╭──

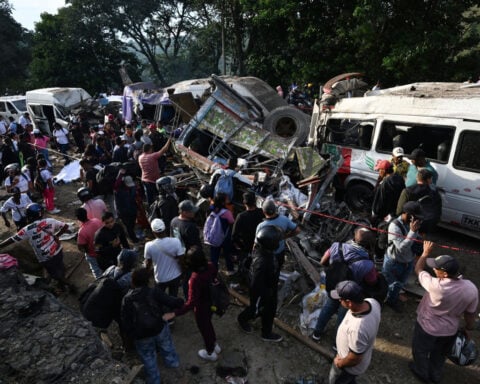 Highway bombing in Colombia kills at least 14 amid a ‘wave’ of attacks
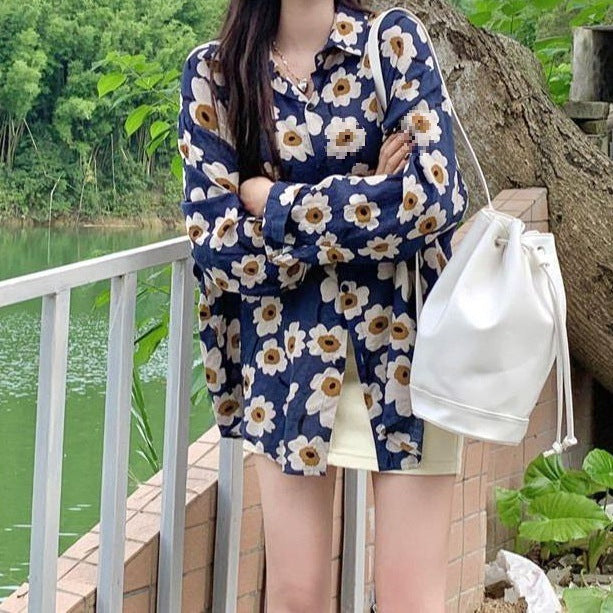 Frau in geblümter Bluse und gelbem Rock steht am Seeufer, trägt weiße Tasche. Sommermode, Freizeitkleidung, Naturhintergrund.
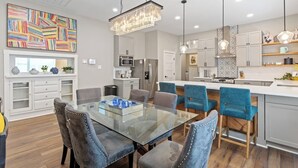 Une cuisine moderne avec des meubles blancs, un îlot central et des chaises bleues.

╰──

> [EXERCISE GOAL]
Write out the listing word for word, omitting the pictures it holds.

> [TASK SOLUTION]
 Highway bombing in Colombia kills at least 14 amid a ‘wave’ of attacks
 Frau in geblümter Bluse und gelbem Rock steht am Seeufer, trägt weiße Tasche. Sommermode, Freizeitkleidung, Naturhintergrund.
 Une cuisine moderne avec des meubles blancs, un îlot central et des chaises bleues.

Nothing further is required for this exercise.